The prairies are great at producing talent but not so good at generating fame, which might be why homegrown film genius Roman Kroitor isn't better known. Former Winnipegger Matthew Rankin is out to change that. The filmmaker and film scholar will be introducing a program of Kroitor's works at the Cinematheque, Friday, January 4th at 7:00 p.m. (Admission is free.)
Kroitor, who died last September at the age of 85, was an endlessly innovative filmmaker who combined technical genius with creative curiosity. His early, groundbreaking documentary work for the NFB and the CBC was a huge influence on the Direct Cinema, or cinéma vérité, in North America. Later, he became a co-creator of the IMAX system, as well as developing technology to fuse the intimacy of hand-drawn animation with the possibilities of 3D.
Kroitor has a strong connection with our city: He was born in Yorkton, Saskatchewan but as a kid moved to Winnipeg and attended high school and university here before heading east. One of his first iconic works, Paul Tomkowicz: Street-railway Switchman (1952), is a quintessentially Winnipeg film. A short documentary about a 64-year-old Polish-born Canadian whose job is to sweep and salt the streetcar tracks in the middle of winter, it has a simple, slice-of-life immediacy. ("It's hard work, but I am a healthy man. I eat lots of fat," says Tomkowicz in his stoic voiceover.)
But it's also an incredibly elegant work, with beautifully composed shots-- made up of snow and streetlights and the blackness of night - that unfold into an indelible sense of place and personality.
Universe (1961) uses special effects and animation to journey from Earth to the outer reaches of space. This is still a way cool film -- precise, stately and just a bit trippy. Fifty years ago, it would have been mind-blowing. In fact, the film did blow the mind of Stanley Kubrick, who drew on its look for 2001: A Space Odyssey.
Lonely Boy (1962) is not only a gorgeous period piece but a fascinating, completely current look at the cult of celebrity.

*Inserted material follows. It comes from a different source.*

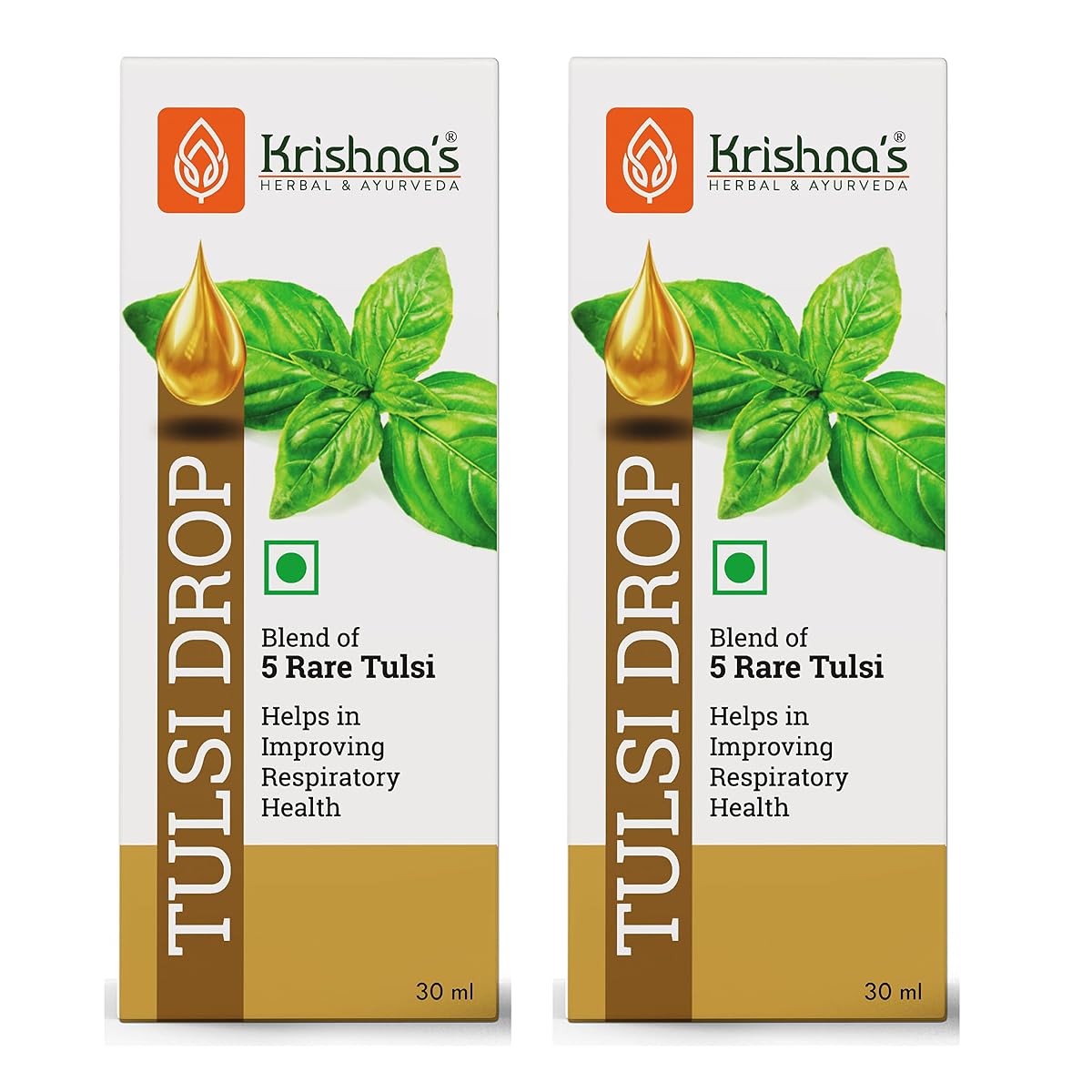 Krishna's Tulsi Drops- Concentrated Drops of 5 Rare Tulsi for Natural Immunity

The teen heartthrob who is sending crowds of bobbysoxers into screaming fits happens to be the 20-year-old Ottawa-born Paul Anka, but it could just as easily be Justin Bieber.
Kroitor's pioneering use of lightweight handheld cameras and portable sync-sound in this film helped create a casual, intimate, on-the-fly approach, which could catch subjects seemingly unaware and bring viewers right into the scene. This method is now ubiquitous - its idiot child is Reality TV - but Kroitor's work in the 1960s was revolutionary, influencing the whole documentary genre, especially "rockumentaries," from D.A. Pennebaker's Don't Look Back to, well, This is Spinal Tap.